Mr Nichol said his parents had been watching a band practice near the war memorial at Cotton Tree on April 21, 1984, when a girl got into trouble in the adjacent Maroochy River.

"No one was going to help her so dad did. He got her back in and then had a massive heart attack and died," Mr Nichol said.

Mr Nichol, then 32 and an army reservist, was asked to take his father's place in the parade.

Grief at the time and the passing of the years have rendered his memory of the occasion hazy.

"I can't really remember it. Because of my army training, I can remember calling everyone to attention," he said.

Mr Nichol said his father was simply a good man who did the right thing.

"He was a good family man. He had a lot of friends.

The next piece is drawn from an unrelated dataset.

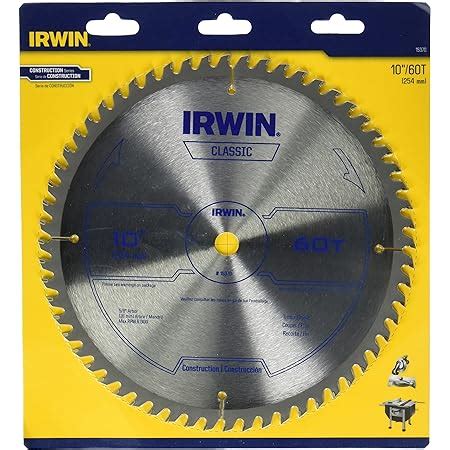 Review IRWIN Tools Classic Series Carbide Table / Miter Circular Saw Blade, 10-Inch, 60T (15370)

He was always happy and cheerful, always having friends around for a beer and a barbecue," he said.

He is disappointed his father's actions on the day were never recognised with a bravery medal.

He has no idea what became of the girl that was saved, who he thinks was about 10 at the time.

"I hope she reads this," he said.

Mr Nichol, who lives at Moffat Beach, still marches in the same parade every year for his father, and for his grandfather, Bill, who was in the First World War.

He wears the medals of both men and one of his own, which often draws attention because few collections bear the heads of three monarchs - King George V, King Edward VIII, and Queen Elizabeth II.

He has marched for 42 years, the first 10 as an army reservist while his father was still alive.

"I've done 42 marches and hopefully, I'll make it to 50," he said.